**WHAT YOU HAVE TO DO:** Below are records with pictures. Transcribe exactly, and only, the lines from the line with "Loafers Size 11 Giorgia tan" to the line with "Le Palais Art Hotel Prague galeri fotoğrafı", both ends included, but not the pictures.

Saved data entries:

--- START ---

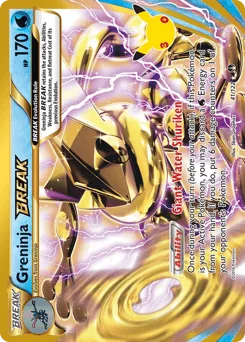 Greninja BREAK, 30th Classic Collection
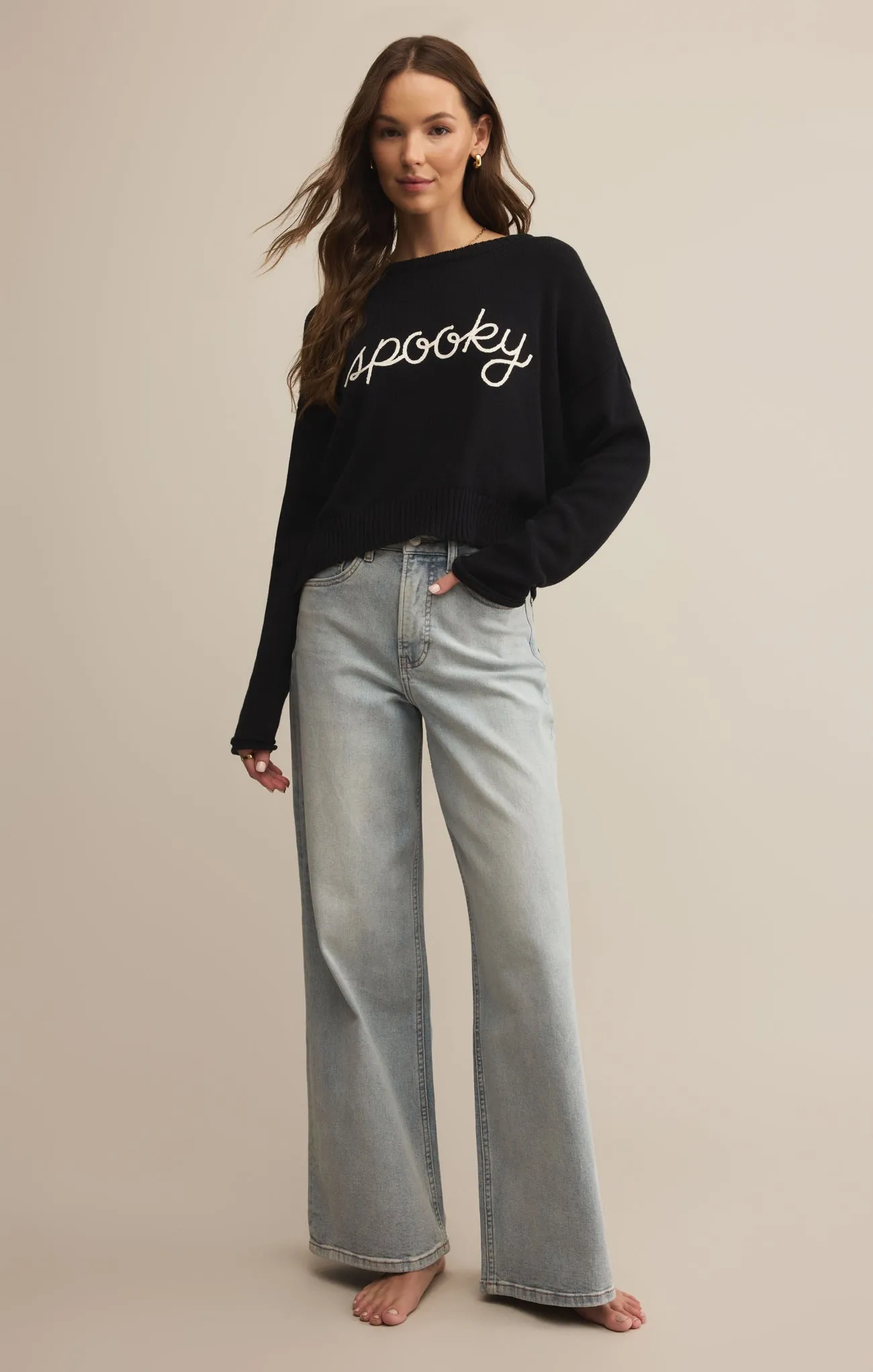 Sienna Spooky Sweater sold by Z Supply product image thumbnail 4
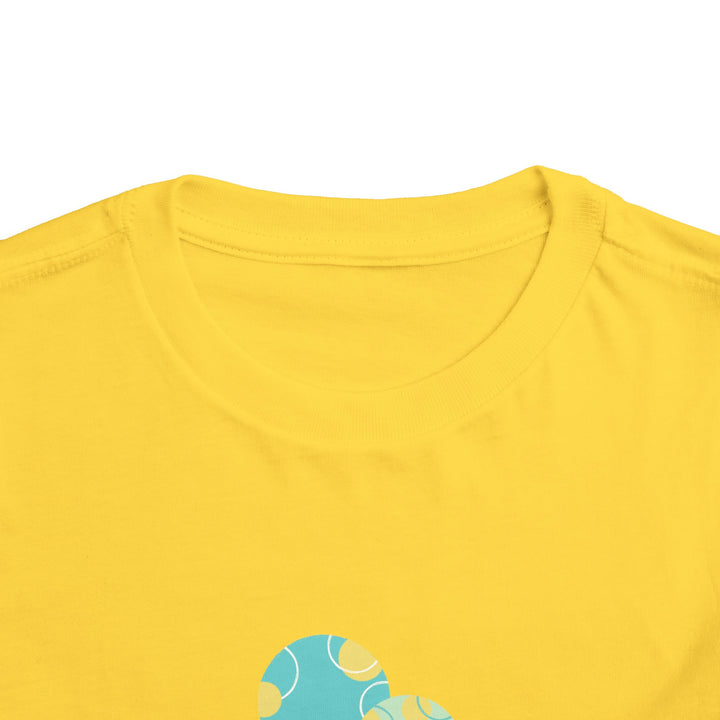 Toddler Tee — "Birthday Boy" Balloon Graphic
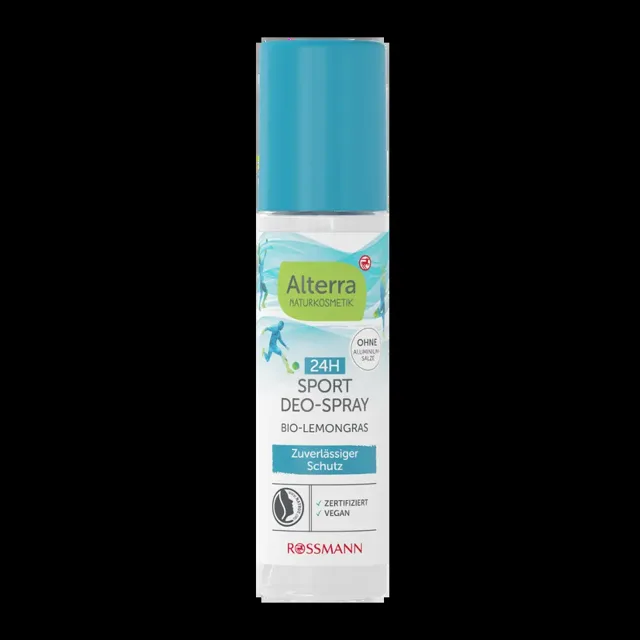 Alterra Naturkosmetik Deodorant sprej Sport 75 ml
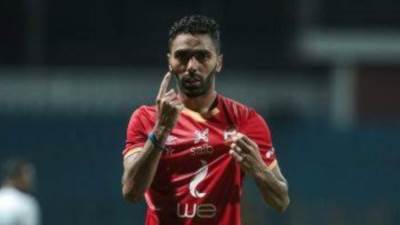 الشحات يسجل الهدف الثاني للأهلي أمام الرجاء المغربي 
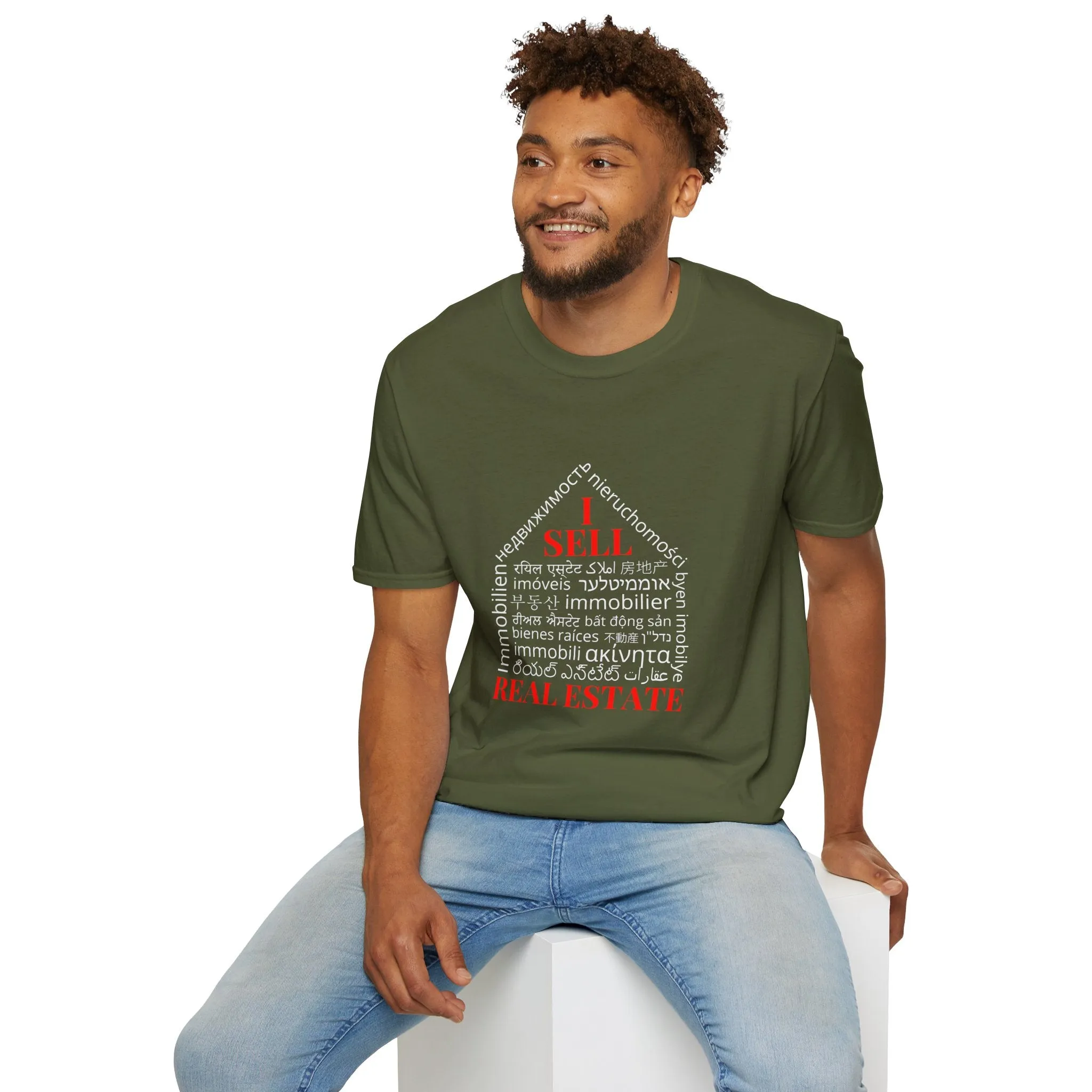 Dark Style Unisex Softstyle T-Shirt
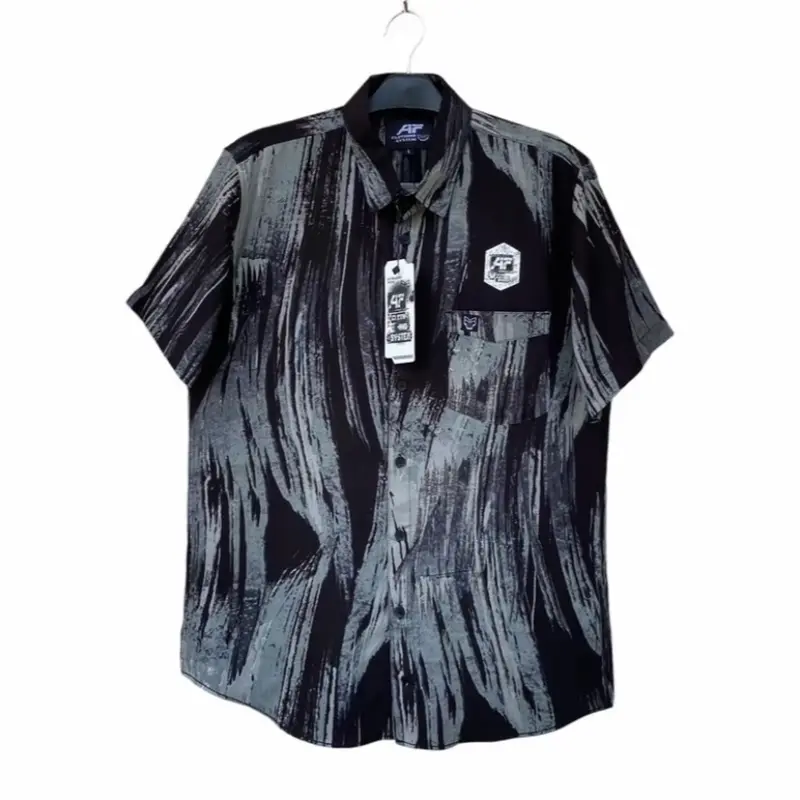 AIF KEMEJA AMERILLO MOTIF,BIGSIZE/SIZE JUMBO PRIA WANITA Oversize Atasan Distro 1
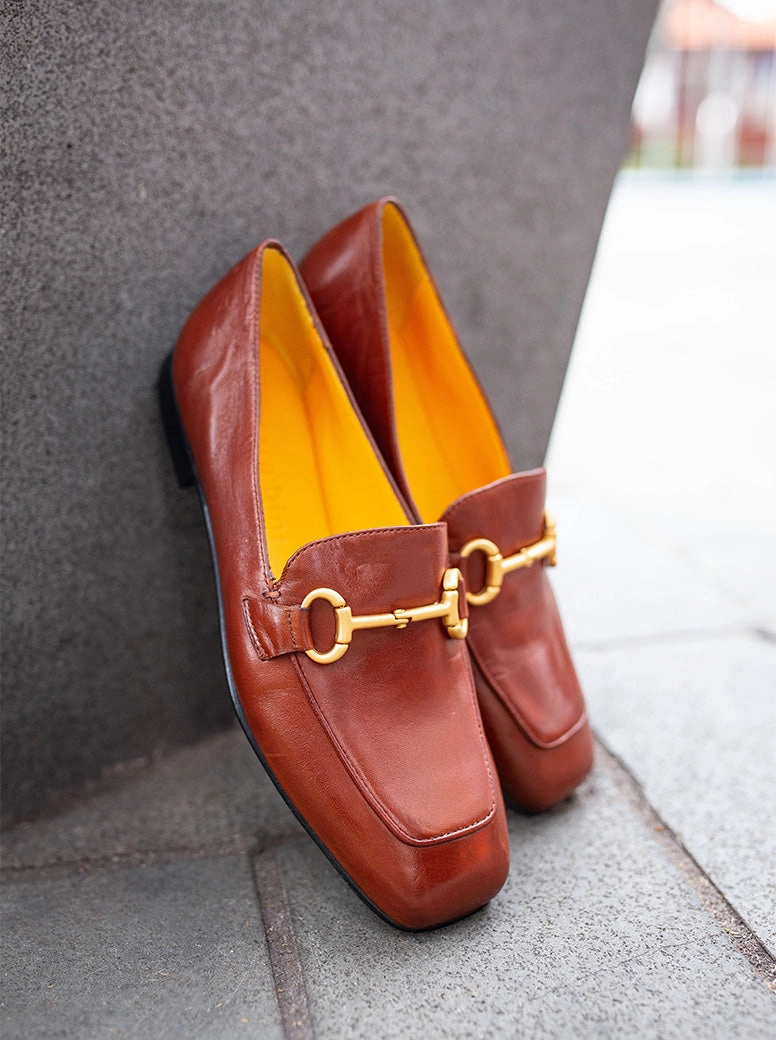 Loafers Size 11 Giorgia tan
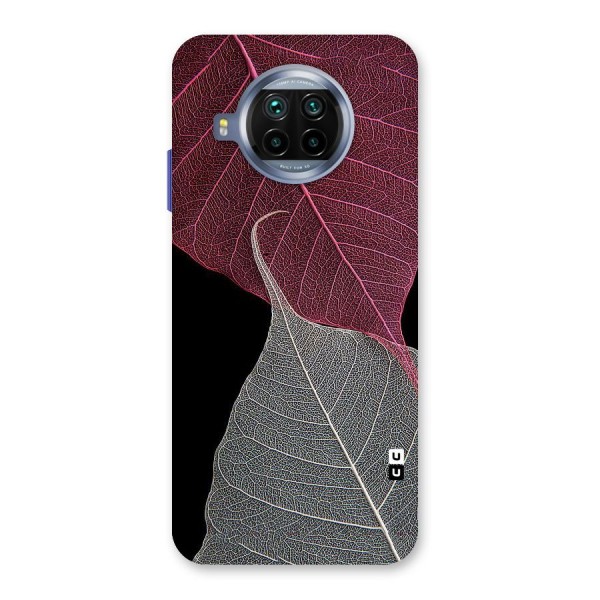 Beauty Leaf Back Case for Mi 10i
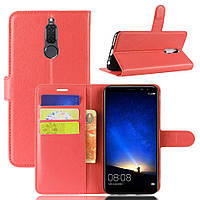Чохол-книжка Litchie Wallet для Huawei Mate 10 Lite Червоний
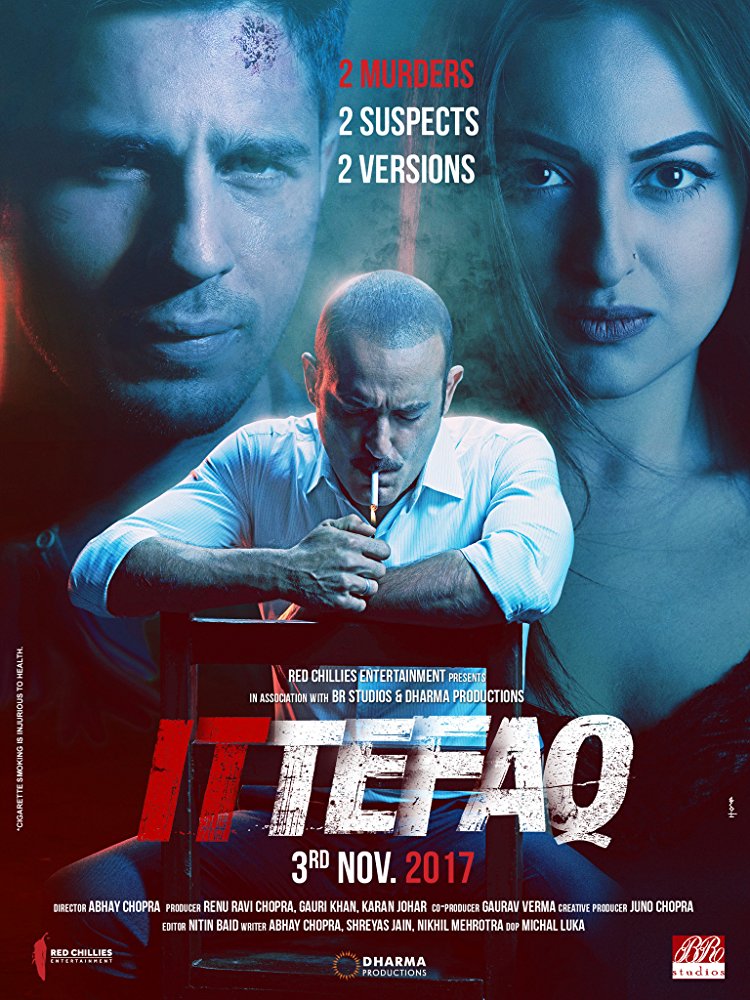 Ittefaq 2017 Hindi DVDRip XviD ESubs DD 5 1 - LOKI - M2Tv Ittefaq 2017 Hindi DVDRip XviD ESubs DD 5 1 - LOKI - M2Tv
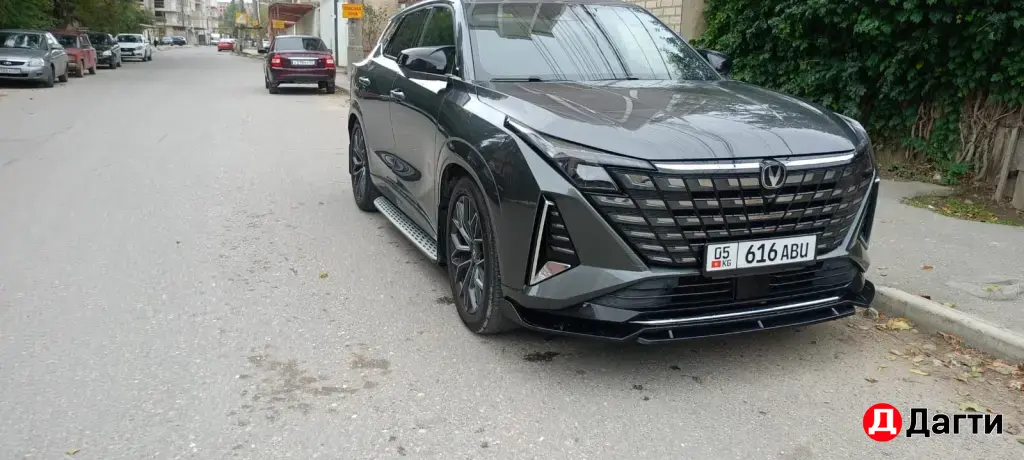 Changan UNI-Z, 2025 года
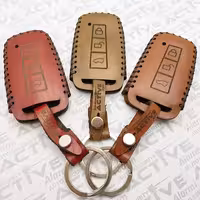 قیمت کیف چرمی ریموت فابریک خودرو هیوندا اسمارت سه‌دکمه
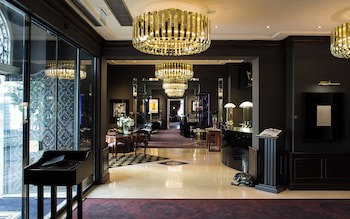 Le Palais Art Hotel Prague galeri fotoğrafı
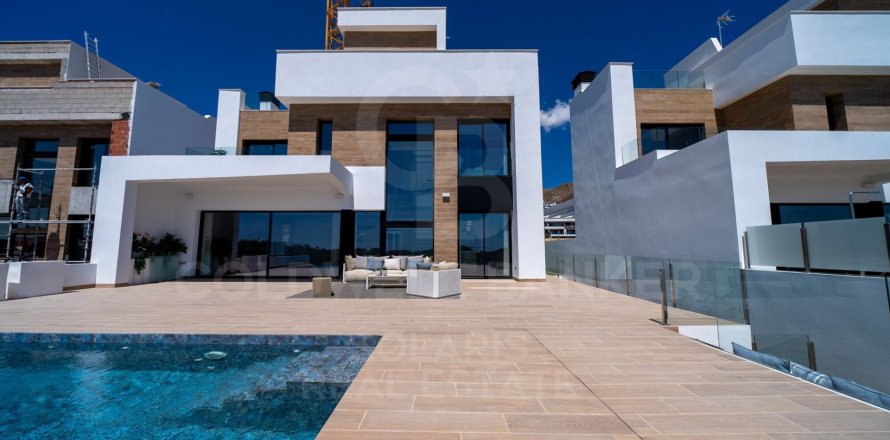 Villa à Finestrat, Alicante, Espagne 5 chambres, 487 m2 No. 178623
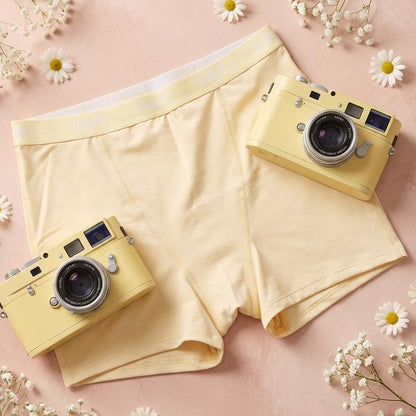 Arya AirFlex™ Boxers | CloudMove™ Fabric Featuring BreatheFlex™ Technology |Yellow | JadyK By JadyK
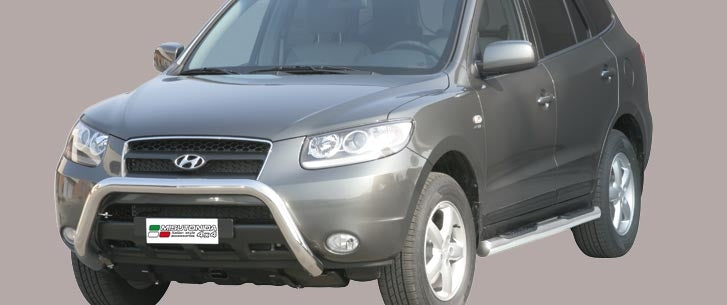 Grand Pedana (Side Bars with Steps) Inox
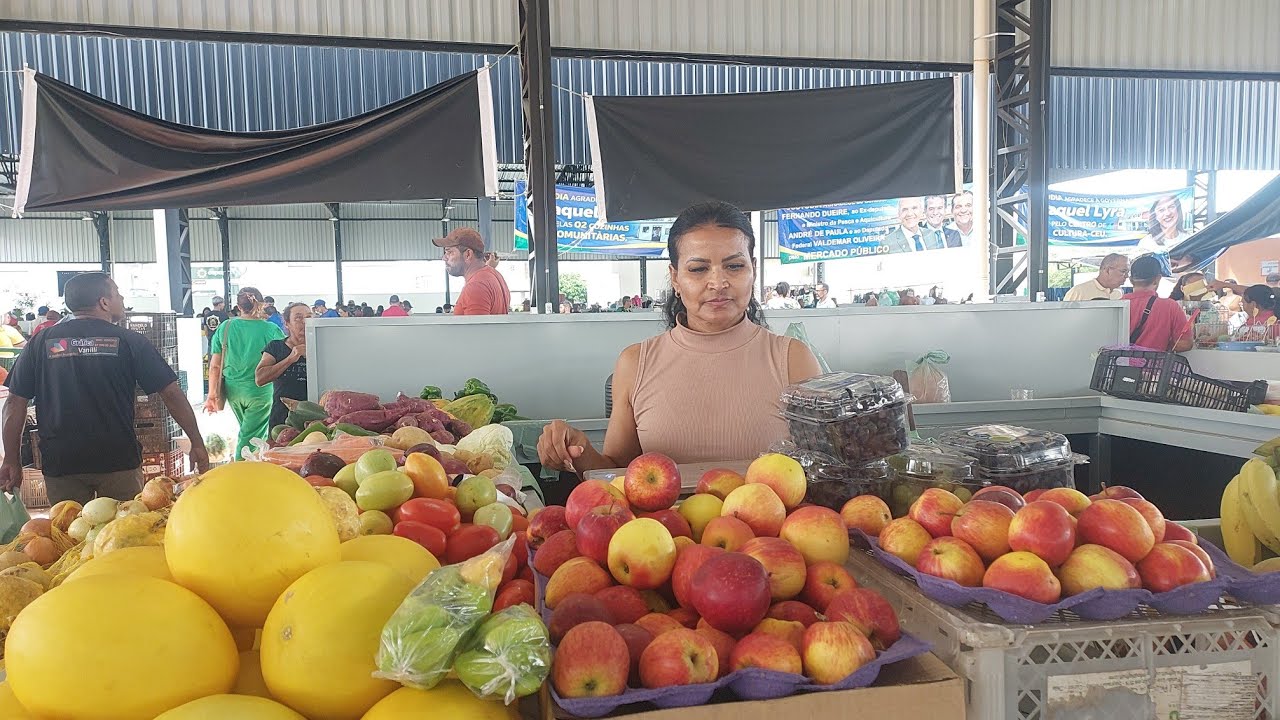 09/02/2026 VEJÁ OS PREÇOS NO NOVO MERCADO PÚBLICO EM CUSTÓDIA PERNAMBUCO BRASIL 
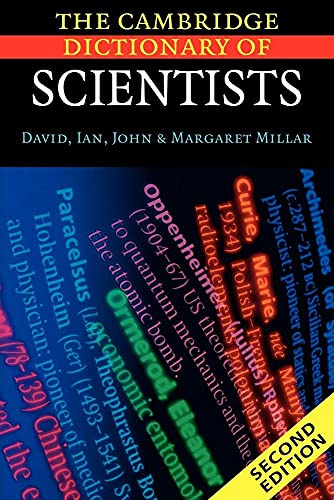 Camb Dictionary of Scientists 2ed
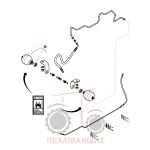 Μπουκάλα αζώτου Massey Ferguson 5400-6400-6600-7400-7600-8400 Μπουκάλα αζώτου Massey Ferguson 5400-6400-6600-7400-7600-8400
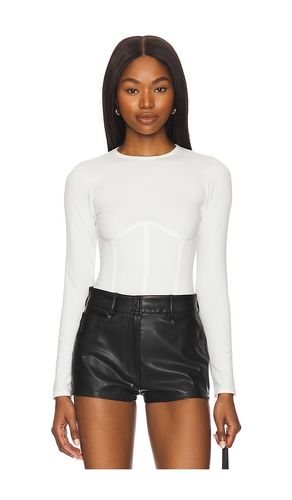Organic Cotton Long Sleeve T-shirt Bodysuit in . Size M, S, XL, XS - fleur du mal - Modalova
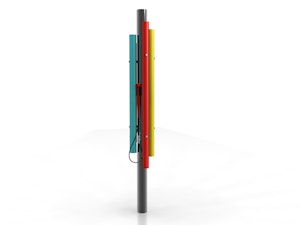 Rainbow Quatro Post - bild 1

--- END ---

**TASK RESULT:**
 Loafers Size 11 Giorgia tan
 Beauty Leaf Back Case for Mi 10i
Чохол-книжка Litchie Wallet для Huawei Mate 10 Lite Червоний
 Ittefaq 2017 Hindi DVDRip XviD ESubs DD 5 1 - LOKI - M2Tv Ittefaq 2017 Hindi DVDRip XviD ESubs DD 5 1 - LOKI - M2Tv
 Changan UNI-Z, 2025 года
 قیمت کیف چرمی ریموت فابریک خودرو هیوندا اسمارت سه‌دکمه
 Le Palais Art Hotel Prague galeri fotoğrafı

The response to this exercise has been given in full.